* **Task prompt**:
Copy word for word, please, the lines of the entries below running from the one containing "Black Panther Jumping" to the one containing "Seiko Men's SGEH79", both ends included.

* **Data shown**:
━━━━

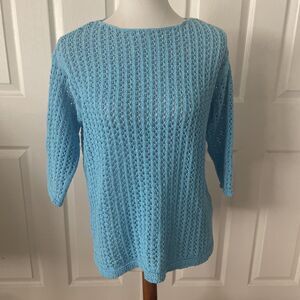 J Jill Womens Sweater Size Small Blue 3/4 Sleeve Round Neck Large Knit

━━━━

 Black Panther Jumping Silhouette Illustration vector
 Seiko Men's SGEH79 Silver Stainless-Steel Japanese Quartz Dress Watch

━━━━

* **Finished task**:
 Black Panther Jumping Silhouette Illustration vector
 Seiko Men's SGEH79 Silver Stainless-Steel Japanese Quartz Dress Watch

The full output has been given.